Acquisitions and accelerated technology advancements have also led to the growth of companies that complement the AIDC space. For instance, Loftware Inc, a company that provides an end-to-end digital platform for enterprise labelling and artwork management, has been able to increase its revenues after recent acquisitions among AIDC-OEMs. Loftware acquired PRISYM ID, a leading provider of regulated content and label management solutions. In addition, Impinj Inc, a company specializing in radio-frequency identification, exceeded revenue projections in large part due to embracing RAIN RFID. The company realized $59.8 million USD with a GAAP gross margin of 52.7%.

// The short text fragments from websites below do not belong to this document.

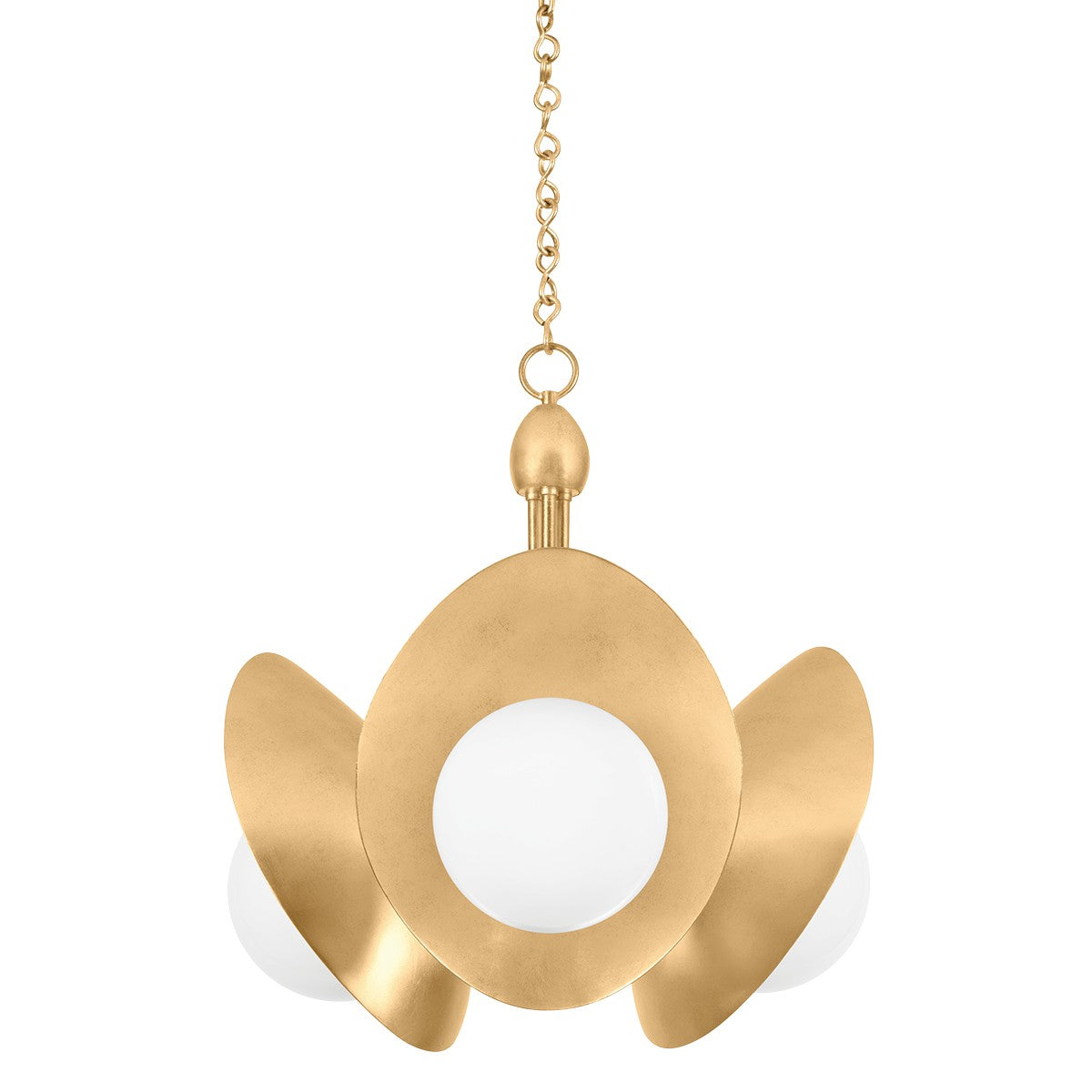 Troy Lighting-F3024-VGL|MAIN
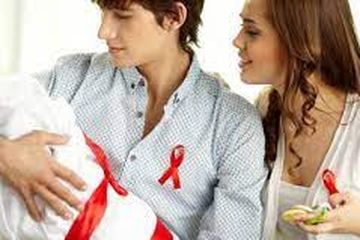 Penularan HIV pada anak sangat mudah diobati dan dicegah, orangtua harus tau begini caranya!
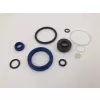 3 TON HİDROLİK UZUN GARAJ KRİKOSU (Lisinya)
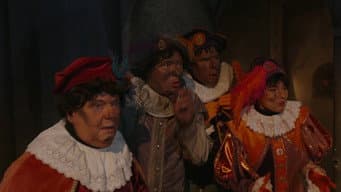 Episódio 2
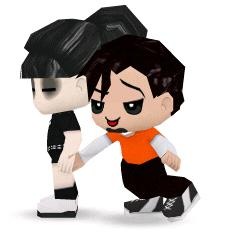 [tapanabunda[4].jpg]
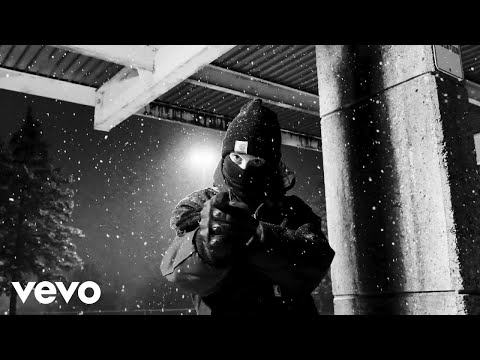 Drama Treason - Red Rum ft. J Cutlass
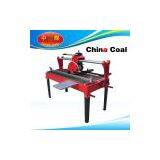 Bridge Stone Cutting Machine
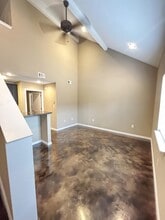 2519 Forest Home Rd in Jonesboro, AR - Building Photo - Building Photo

Success Stories among channel partners
There has also been steady growth in the digital transformation for channel partners, but not as fast as the OEMs. In the past few years, there has been an increased volume of acquisitions.
AbeTech and Peak Technologies both illustrate this channel partner trend. AbeTech that has experienced significant growth following its promotion of Chris Heim as the new CEO in Feb 2021. Under his leadership, he launched a new managed service platform, Abe360, and an Enterprise Label Management Solution, PowerPrint. In addition to the digital transformation he’s spearheading, he also acquired Workspace Mobility. This enabled AbeTech to increase its regional footprint and acquire additional resources to support its expansion.
Peak Technologies is another very well-known name in the AIDC industry. They have been themselves through several mergers and acquisitions. Source Capital LLC, an industrial-focused private equity firm, acquired Peak back in 2021; in fact, in the same year, Peak made several acquisitions, the latest being Siena Analytics. the acquisition aimed to boost its supply chain and logistics analytics software solutions. Prior to Siena Analytics, Peak had made several acquisitions including Optical Phusion, Inovity, Bar Code Direct, DBK Concepts, Avalon Integration, Graphic Label, VisionID and Dalosy of Optical Phusion. In August of 2022, Peak Technologies and Supply Chain Services Announced a Merger Agreement.
The Time is Ripe for Channel Partners to Take Advantage of OEM Innovation
OEMs are providing exciting new software-first products, representing a significant opportunity for channel partners. In order to take advantage of the latest OEM offerings, however, many AIDC channel partners may need to align to pivot to become system integrators, managed service providers, or solutions providers.
Today’s market expects channel partners to provide holistic offerings such as warehouse automation, asset management, and track and trace solutions. To stay in the lead, channel partners must invest in revamping their own ERP, CRM, and contract management software and embrace newer technologies. This is the time to integrate, streamline, and automate manual processes such as helpdesk, asset and contract management, and contract renewals. In addition, channel partners should start thinking of upskilling their workforce to develop a technology-focused, software-first culture.
The AIDC industry is undergoing a major transformation from a focus on hardware to engineered software-driven smart devices. To date, the drivers of this data-rich connected world have been large OEMs, such as Zebra, through their acquisitions and digital transformation investment. These market leaders and their strategic acquisitions are offering new solutions to help companies track, manage assets, and automate many back-office processes and operations.
To embrace and profit from this exciting IIoT transformation, channel partners must enhance their system integrator capabilities and begin providing true end-to-end capabilities to meet evolving customer needs.